Faith Improves Our Sight

by Frank Turk


From 2006 to 2012, PyroManiacs turned out almost-daily updates from the Post-Evangelical wasteland -- usually to the fear and loathing of more-polite and more-irenic bloggers and readers. The results lurk in the archives of this blog in spite of the hope of many that Google will "accidentally" swallow these words and pictures whole.

This feature enters the murky depths of the archives to fish out the classic hits from the golden age of internet drubbings.


The following excerpt was written by Frank back in August 2006. Frank offered his thoughts on a proper understanding of "We walk by faith, not by sight."


As usual, the comments are closed.
I have a lot of pet peeves – you might say I am the Dr. Doolittle of Pet Peeves. It’s because I am an intransigent man, and you’ll get no apologies from me for it.

Anyway, the pet peeve I’m addressing today is from 2 Cor 4:7-5:10. Let me say clearly that there is something that this passage can not and does not say: it does not say “we fumble around in the dark, blinded by our faith and trusting the faith blindly.” There’s no way to make this passage – culminating in 2 Cor 5:7 – say that. Paul is not saying that faith usurps our sight, or that faith trumps our sight, in order to make us do irrational things: Paul is saying here that faith improves our sight in order that we may, in fact, walk the right way toward the right goal with the ability to do the right thing.

Think about where this passage begins (as I have cited it): Paul is underscoring that who we are as created beings – that is, as jars of clay – is intended to underscore that all the doing of the Gospel is God’s work and not our work. Isn’t that amazing? So, for example, when we are delivering the Gospel, we don’t have to invent a new tract or an interpretive dance that – if we just work hard enough – will turn men to Christ and His cross, at which time they can make a decision about what to do about that. That doesn’t mean we can be slack and do nothing, but it does mean that the pressure is off of our finite and fallible resources and the real “pressure” (if we can call it such a thing) is on God’s infinite and infallible resources. Amen?

In that, we can suffer through anything for the sake of the Gospel! You know: we can suffer through some mockery for the sake of the Gospel, because the Gospel doesn’t depend on whether or not I maintain my dignity and social standing. We can abide, as another example, being cast out of good company for the sake of the Gospel. We can also accept poverty, disability, and loss for the sake of the Gospel.

I know I have just told you why, but Paul says it clearly: because “we who live are always being given over to death for Jesus' sake, so that the life of Jesus also may be manifested in our mortal flesh. So death is at work in us, but life in you.”

It is in that assurance that we have courage; it is in the fully-fledged knowledge that God’s power is manifested only in our abject weakness and inability that we have courage and strength to be ministers of the Gospel – not just pastors and teachers and preachers, but people who bear Christ’s name rightly down to the last person who can give a cup of water to a thirsty man.
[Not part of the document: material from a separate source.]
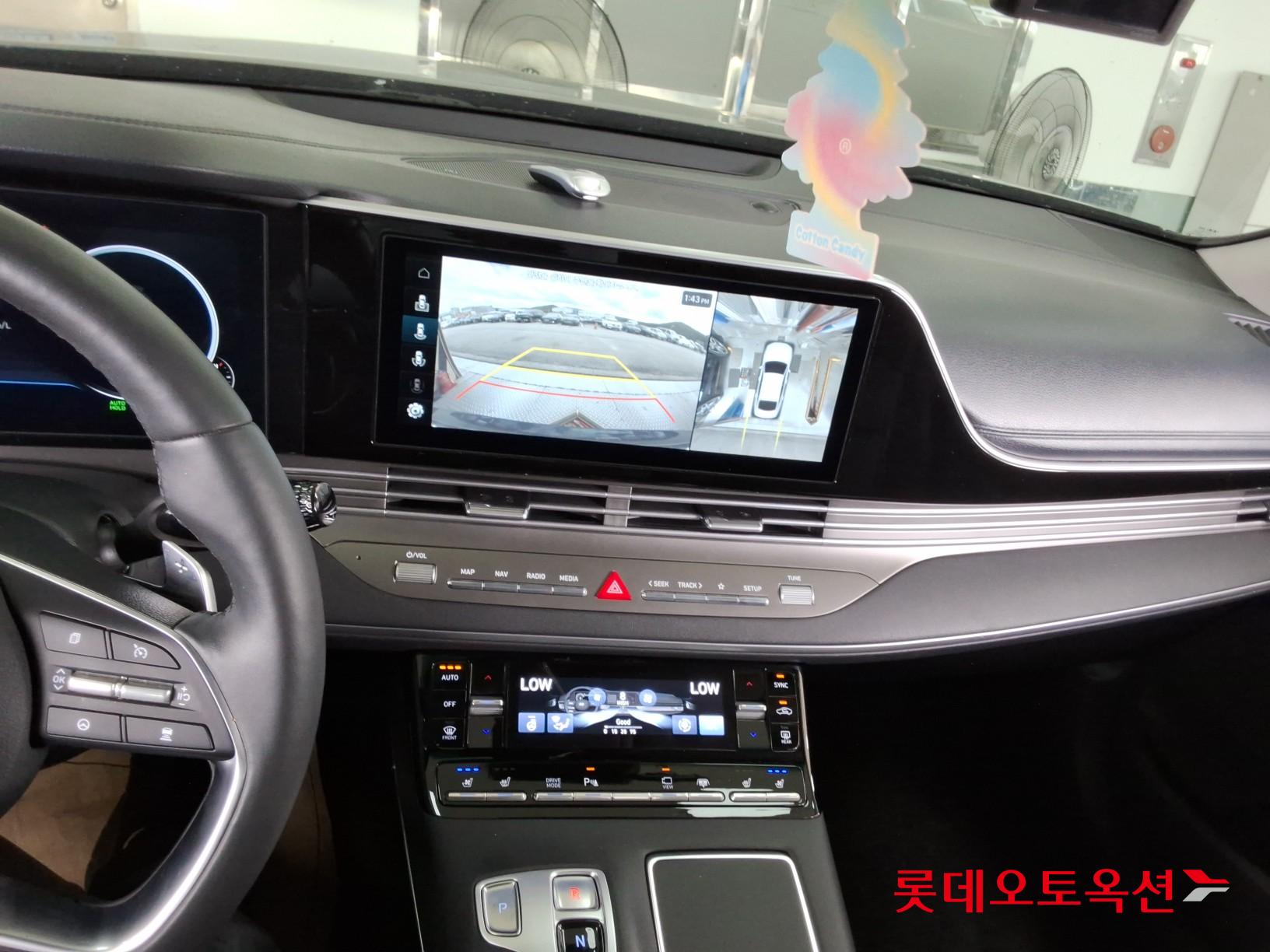 2023 - hyundai grandeur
And that courage, says Paul, is this: the Spirit of God is our guarantee that what we do is not in vain. When he says we “walk in faith, not by sight,” he means that we are not stuck with our sorry, fallible eyes to see if we can spot the trail out for ourselves: he is saying that God has prepared us for this work with the guarantee of the Spirit, and we have not traded our eyes for faith, but have been upgraded with eyes than now see all through faith.